Online channel conflict: “You’re all over Amazon.”
Direct vs Distributor conflict: “I have no interest in working with a supplier whose outside sales team competes with me.”
Or the dreaded Intra-company conflict:“Our inside sales team is competing with our outside sales team!”
If the sounds from your field sound at all like the quotes above, then you should be on red alert. Let’s examine some root causes of channel conflict, and how multichannel sellers can best manage it.
Causes of and Solutions For Channel Conflict:
In our experience, channel conflict generally stems from one of three areas: 1) greed, 2) lack of communication with channel partners and, 3) a lack of a rule based channel strategy.
Let’s explore greed first. An example of channel greed is keeping a big sale in house rather than giving it to a channel partner as required by your channel rules. Sure, there are a lot of ways to rationalize doing such a thing. Maybe it’s a tight quarter and you need the extra margin. Maybe a new sales leader is trying to prove his or her worth by bloating the in house sales pipeline. It can happen. Good lead distribution procedures can guard against greed in many cases. But when a sales manager sees it happening it must be dealt with immediately. Consider the Broken Windows Theory of policing in the context of allowing bad/greedy behavior go in your sales organization.
Paraphrasing the Broken Windows Theory, it states that visible signs of crime and anti-social behavior can create an environment that encourages further crime and disorder, including serious crimes. The same is true for bad behavior in your sales organization. If small instances of greed are not addressed you can be sure they will grow in frequency and size to the long term detriment of your business. Deal with it immediately.
Another source of channel conflict is simply poor communication with your channel. No one likes business surprises, and your channel partners are no different. As you enter a new channel, add channel partners or expand into a new region, your existing partners, regardless of channel, will have questions about how this impacts them. Proactive, open communication with your partners, highlighting both the opportunities, and potential risks to them (if any) will not only help ease discomfort from the channel, but also will allow for valuable feedback from them on your strategy. The Voice of the Channel (VoC) is a valuable tool for multichannel sellers, and a formalized VoC capture program should be instituted to ensure that it remains an integral input in your channel decisions.
Finally, good channel management is always rules based, both from a lead registration, strategy and compensation perspective. Creating and managing a lead registration system is a challenge for most growing companies, but the value in keeping the channel peace and be enormous. Rules for registration will help avoid conflict, and of course provide expansive insight into your pipeline. As part of your channel rules, each channel participant should understand what their “lane” is and where and to whom they can and cannot sell. A good rules system is detailed and includes discussion of scenarios governing the inevitable gray areas where channel sellers will cross paths (both vertically with other channels and horizontally within the same channel). Your rules system may also seek to remove financial incentives for channel conflicts. Strategies for doing this will vary by industry and company, but at the core, removing financial incentives means creating a broad based compensation structure that aligns the financial interests of potentially competitive channels/sales professionals. Your channel rules should be reviewed, revised as needed, and redistributed annually, on a per partner basis if possible.

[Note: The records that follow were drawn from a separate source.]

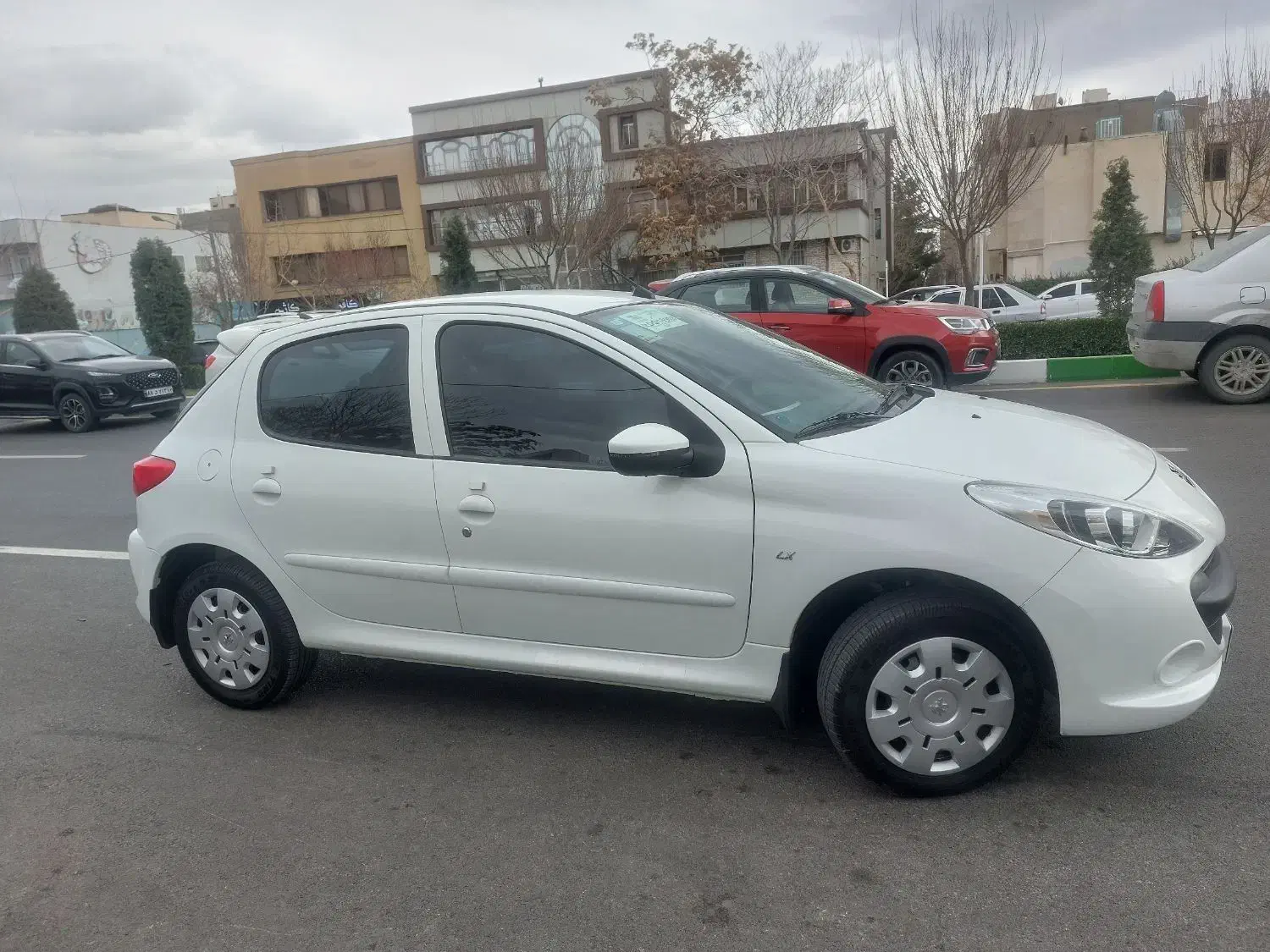 خودرو|خودرو کلاسیک|مشهد, کوی المهدی|دیوار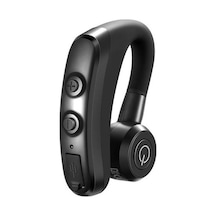 Soulader Kablosuz Bluetooth Kulaklık, Eller Serbest Konuşma, Şık Ve Hafif Tasarım, Uzun Pil Ömrü, Rahat Kullanım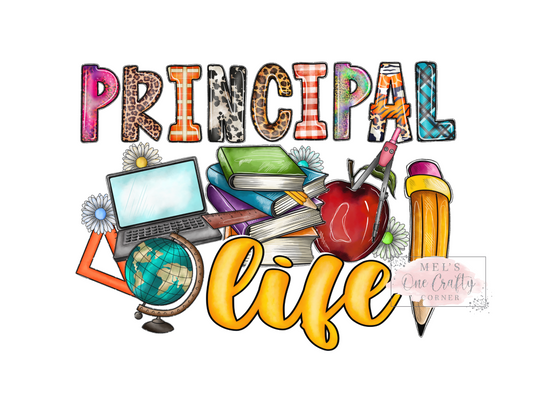 Principal Life - HTV Transfer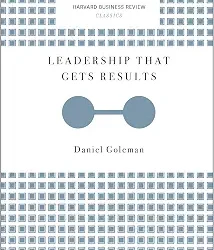 Leadership That Gets Results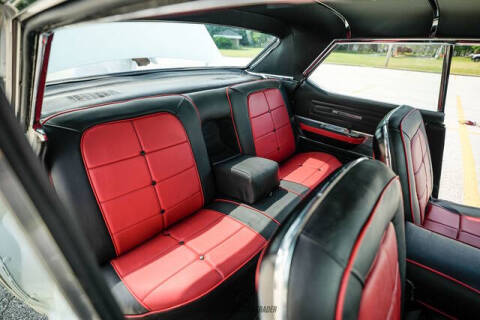 1964 Chrysler New Yorker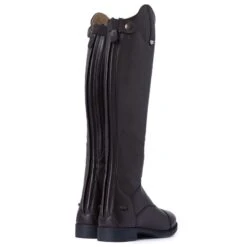 Horze Rover Field Boots - Dark Brown -Tack Of The Day Store 551898 800 800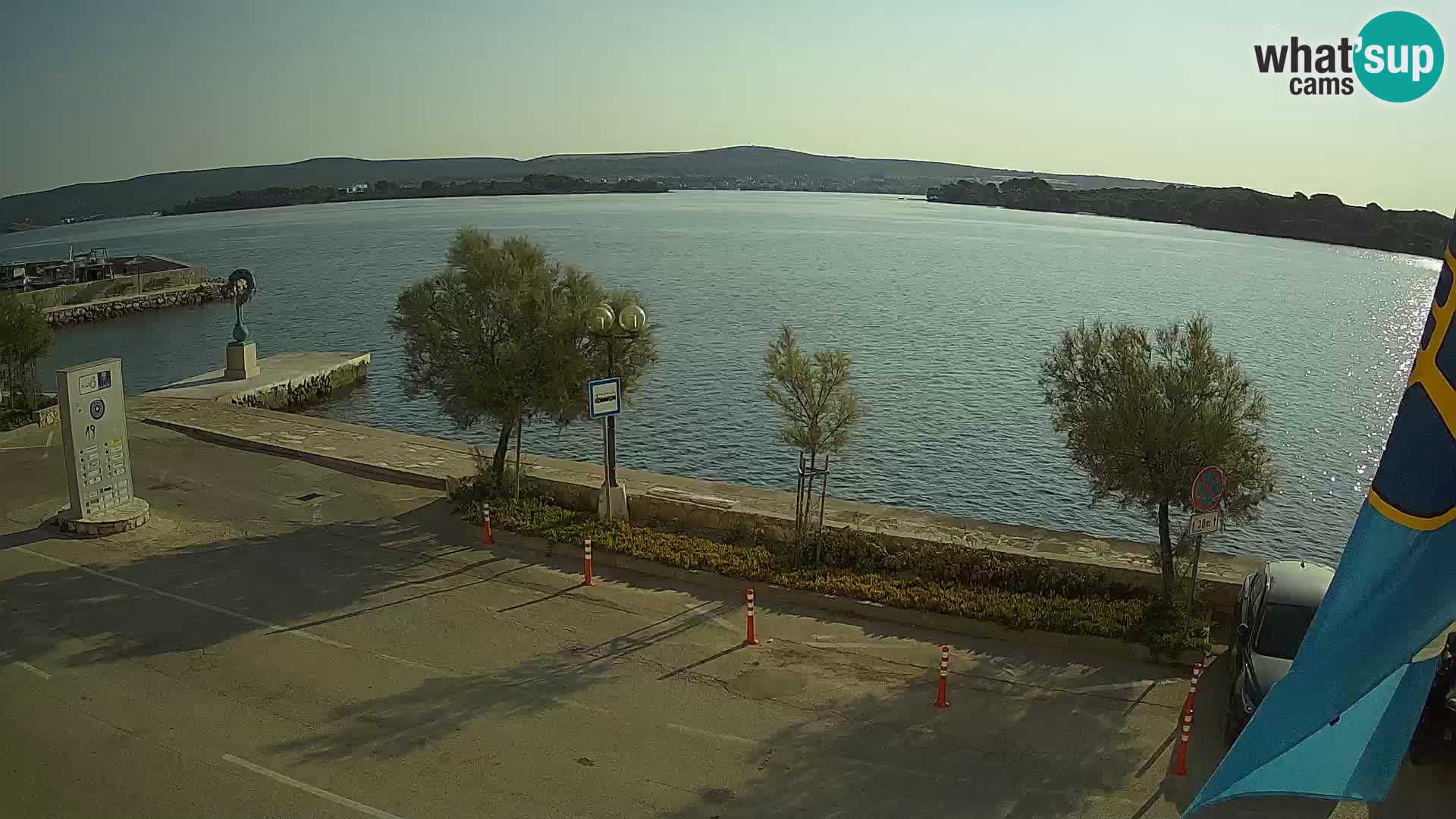 Livecam Pašman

It’s important to remember that your channel partners likely have capabilities that you do not, frequently around customer service. Understanding your channel partner capabilities and utilizing those for mutual benefit will deepen the partnership and lessen the likelihood of channel friction. Regardless, building a multi channel sales operation and the associated partner relationships is a long term investment that requires long term thinking. Let the vision of your business 5 years from now and beyond be your guide in dealing with channel conflict and your dreams may come true in the best possible way.